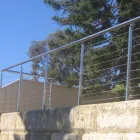 Business 4 image ALL THINGS STAINLESS PTY LTD Stainless Steel Products & Equipment Suppliers in Perth WA
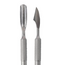Precision Cuticle Pusher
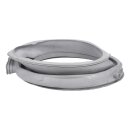 LUTH Premium Profi Parts Türmanschette kompatibel mit Candy/ Hoover 70006599 für Waschtrockner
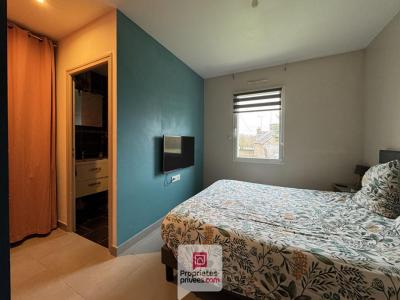 Acheter Maison Pledran 299900 euros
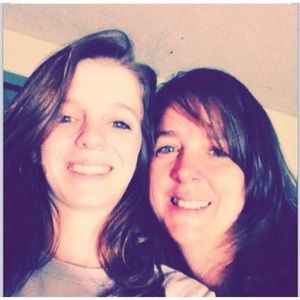 Meet your Posher, Tabatha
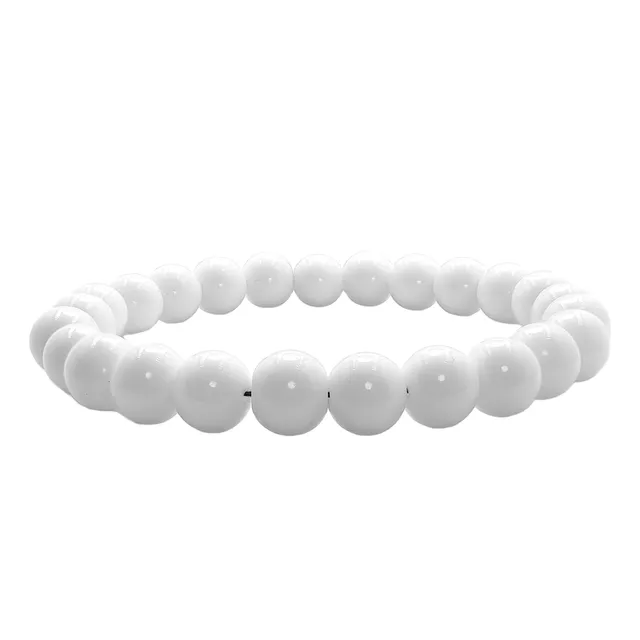 Pulsera Piedras Naturales - Joyería Fénix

◇ ◇ ◇ ◇

What to produce: Transcribe every line of the listing above exactly; skip the pictures.

Your solution:
 Business 4 image ALL THINGS STAINLESS PTY LTD Stainless Steel Products & Equipment Suppliers in Perth WA
Precision Cuticle Pusher
 LUTH Premium Profi Parts Türmanschette kompatibel mit Candy/ Hoover 70006599 für Waschtrockner
 Acheter Maison Pledran 299900 euros
 Meet your Posher, Tabatha
 Pulsera Piedras Naturales - Joyería Fénix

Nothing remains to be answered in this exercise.